“Was that excessively loud,” the old man asked? He was adjusting something in his ears.
The announcement had come blaring over the P.A. system, “Cold Stroke in Room 4 Emergency. Cold Stroke in Room 4 Emergency.” There was a slight pause and it came over the system again, just as loud.
“Yes,” I said to the old man. There were three other men in the room. Only one looked up from what he was doing and glanced at the old man, but said nothing. Then he went back to what he was doing on his mobile phone like the others.
“It blew up my hearing aids,” the old man said to me. “I have to turn it up now to hear you. What did you say?” He kept adjusting the hearing aids in his ear.
He looked pretty old and had walked into the room slowly, with a cane, a few minutes earlier. The lady who escorted him into the waiting room spoke louder than usual as she guided him into the room. He looked a little delicate.
“Take a seat and they will call you,” she pronounced slowly, the way you speak to people you think have hearing problems.
Other women had escorted the other men to the room after me with the same message. One man walked in by himself, took a seat and pulled out his cell phone.
The old man looked around the room. A couple of seats were further away from the door. There was an empty chair next to me, so the old man sat down in it. We were both directly across from the door he entered from.
He had only been sitting there for a few minutes when the emergency announcement had blared out.

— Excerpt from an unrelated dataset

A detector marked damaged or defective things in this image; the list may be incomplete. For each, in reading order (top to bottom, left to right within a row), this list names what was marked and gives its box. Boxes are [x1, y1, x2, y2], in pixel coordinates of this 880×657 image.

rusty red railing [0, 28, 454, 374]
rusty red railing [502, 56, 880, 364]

“You don’t have to turn them up to hear me,” I replied to his question. “I’m not important. The announcement was important because…”
“Listen,” he said sternly, turning slightly to look at me as he interrupted my reply. He seemed a little angry as he continued to adjust his hearing aids while he spoke. “Everyone is important. Everyone.” It was said with emphasis. Loudly. Clearly. “You’re important to someone, I’m important to someone, everyone is important.”

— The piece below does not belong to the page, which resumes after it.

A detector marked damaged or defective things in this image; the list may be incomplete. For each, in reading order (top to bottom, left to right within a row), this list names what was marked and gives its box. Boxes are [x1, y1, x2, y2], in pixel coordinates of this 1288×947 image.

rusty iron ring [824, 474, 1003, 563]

He said it so the entire room could hear him if they wanted to, as if he was his own PA system. He seemed pleased with the declaration. The other men kept at the mobile devices without any acknowledgment of the old man or what he said.
Just a few seconds after he finished with his announcement, a different door in the room opened. That got everyone’s attention. An attendant stepped partially in asking out loudly as she panned the room with all eyes looking at her, “Frank?”
“That’s me,” the old man said, standing up quickly with the help of his cane and beaming for some reason. As he started hobbling toward her, he declared, “Now I’m important because I go first!”
He said it with pride, looking around at the room, glancing at me with a curious smile, at the others, and then walked away with the attendant. The door closed behind them. They were actually both smiling as that door closed and you heard the attendant say, “How are you today, Frank?”
I smiled. You know, a smile is often contagious.
The other men in the waiting room were not smiling because they weren’t looking at the closing door. Once she said “Frank,” they all went back to what they were doing with their mobile phones. They just kept their heads down, focused on something. Perhaps one of them wondered how Frank managed to be called first. Perhaps another didn’t really give it that much thought.
I had a sense they dismissed the entire event as, well, unimportant. Or bad luck. After all, they had been in the room before him as I was. In fact, they all came in after me. Perhaps they attributed Frank getting called ahead of them to Frank’s age. Hard to say.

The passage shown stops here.